Dévoilé à Cannes le 21 mai 2014, lors d’une projection unique prise d’assaut et à l’ambiance fébrile comme jamais, Adieu au langage est sorti dans les salles françaises dans la foulée. Alors qu’il est disponible depuis quelques semaines en DVD, il entame cette semaine à La Chaux-de-Fonds une tournée qui devrait ensuite le mener dans le Jura, puis à la Cinémathèque suisse de Lausanne et à Genève ces prochains mois. Pourquoi, dès lors, aller le voir en salle? Pour une raison toute simple: au-delà du fait que le cinéma est dans ses fondements mêmes une expérience collective, il s’agit d’un film en 3D. Et lorsque le maître Godard s’empare de la stéréoscopie, ce qu’il propose n’est pas soluble dans la 2D.
la forme et le fond
Faut-il résumer un film du Rollois? Non, évidemment. On dira simplement qu’il y a dans Adieu au langage une femme mariée, un homme libre et un chien. Comme s’il voulait insister sur le côté artificiel de la 3D, le cinéaste tord les corps et les espaces à l’aide de cadrages improbables. On ne le sait que trop bien, l’image est pour lui un matériau malléable. En filmant des pieds ou un museau devenus disproportionnés, il fait de la 3D quelque chose de ludique et d’artistique, et non un outil au service du réalisme. Expérimentateur de génie, il n’est jamais aussi passionnant que quand il tente quelque chose de nouveau, comme lorsque, en 1994, il s’essayait avec l’enchanteur JLG/JLG à l’exercice de l’autoportrait. Dans l’un des plans les plus intrinsèquement beaux d’Adieu au langage, il cadre, au fin fond d’une pièce sombre aux airs de camera obscura, une fenêtre ouverte sur un paysage à la Van Gogh. En 2D, forcément, l’effet est moins saisissant.

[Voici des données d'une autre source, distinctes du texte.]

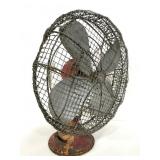 Vintage large industrial metal table fan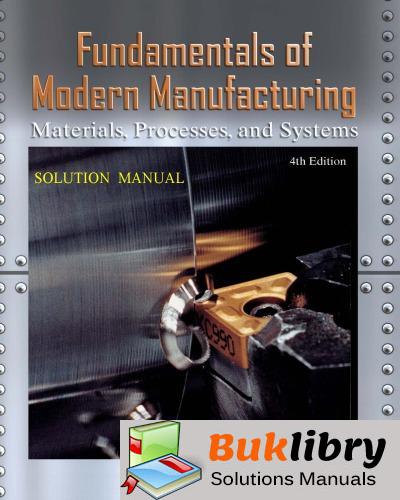 Fundamentals of Modern Manufacturing: Materials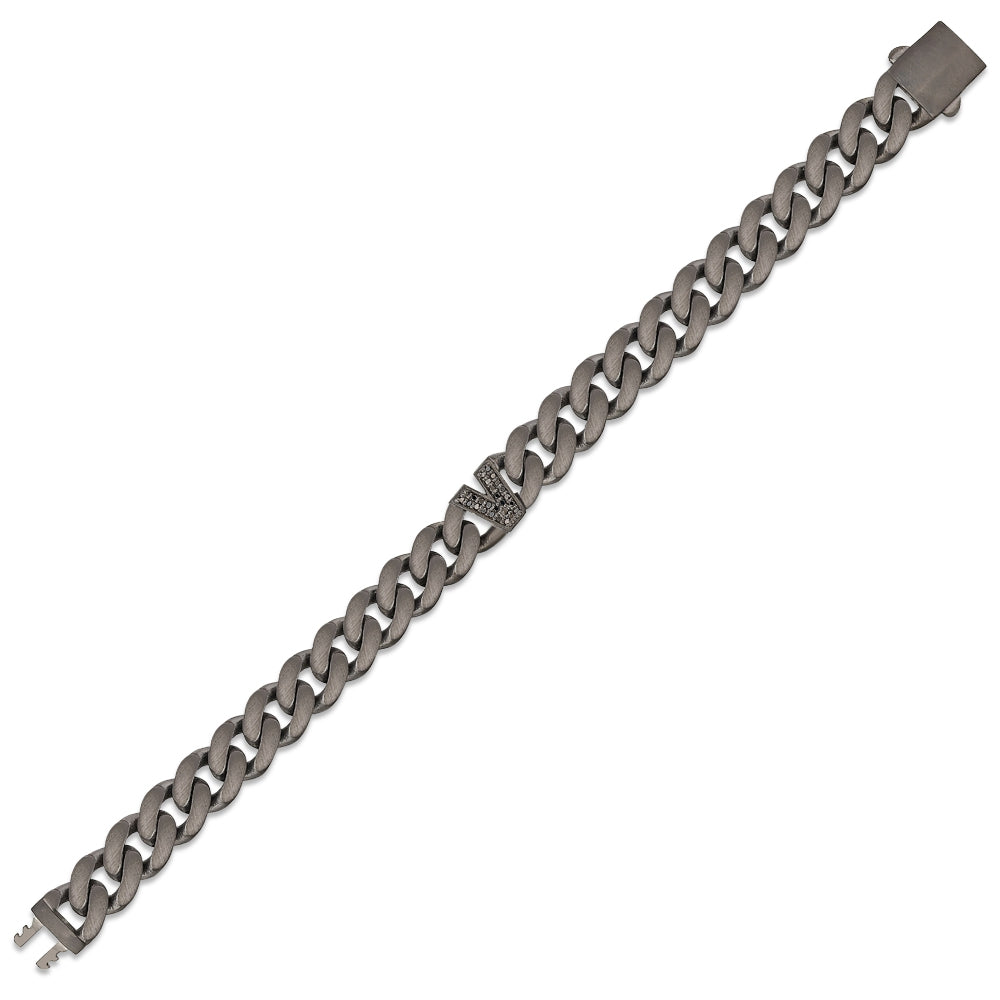 0.13 ct. Schwarz Diamantarmband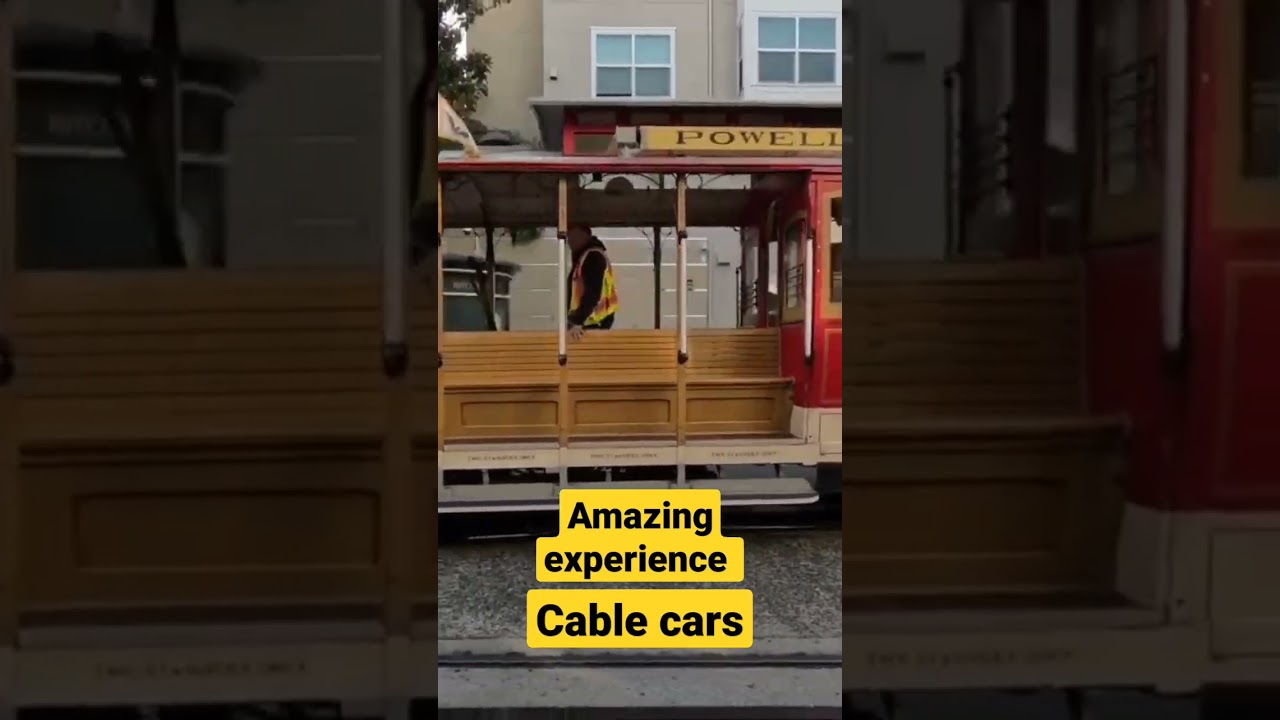 Cable cars experience 😮😮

Godard, c’est la forme et le fond réunis dans un tourbillon qui emmène le spectateur dans des abîmes insoupçonnés, sorte de fosse des Mariannes cinématographique qu’il est le seul à oser explorer. Ça fuse de tous les côtés, entre dialogues anodins, réflexions en tout genre, citations et aphorismes. Dans Adieu au langage, on parle peinture et littérature, on met en parallèle, comme ça, au passage, l’invention de la télévision et l’accession au pouvoir de Hitler. «Si vous ne savez pas, pas la peine d’aller sur Google», dit un personnage, fustigeant ouvertement une époque où les intellectuels sont perdus au milieu des connectés dont le savoir est réduit à néant dès que les batteries de leur smartphone sont à plat. Les hommes sont égaux dans le caca, entend-on encore, avant d’apprendre que le chien est le seul être qui vous aime plus qu’il ne s’aime lui-même.
Machine à pensées
Il n’est pas inutile de revoir le film en DVD après l’avoir découvert en salle dans le format voulu par le maître. Débarrassé en quelque sorte du contenant, de la virtuosité technique, même si la force plastique des images reste la même, on peut se concentrer sur le contenu. Véritable machine à produire de la pensée, Godard est capable de passer de l’engouement du public pour le Tour de France à la Terreur, de Roxy, le chien de sa compagne Anne-Marie Miéville, à Mary Shelley et Lord Byron. Adieu au langage? Non, c’est plutôt la toute-puissance des mots que célèbre le cinéaste.
«Adieu au langage». De Jean-Luc Godard. Avec Héloïse Godet et Kamel Abdelli. France, 1 h 10. A voir à La Chaux-de-Fonds, au cinéma ABC, en 3D. Dimanche 11 janvier, à 17 h 30, rencontre avec Fabrice Aragno, assistant et chef opérateur de Jean-Luc Godard. DVD disponible, en 2D ou Blu-ray 3D, chez Wilde Side.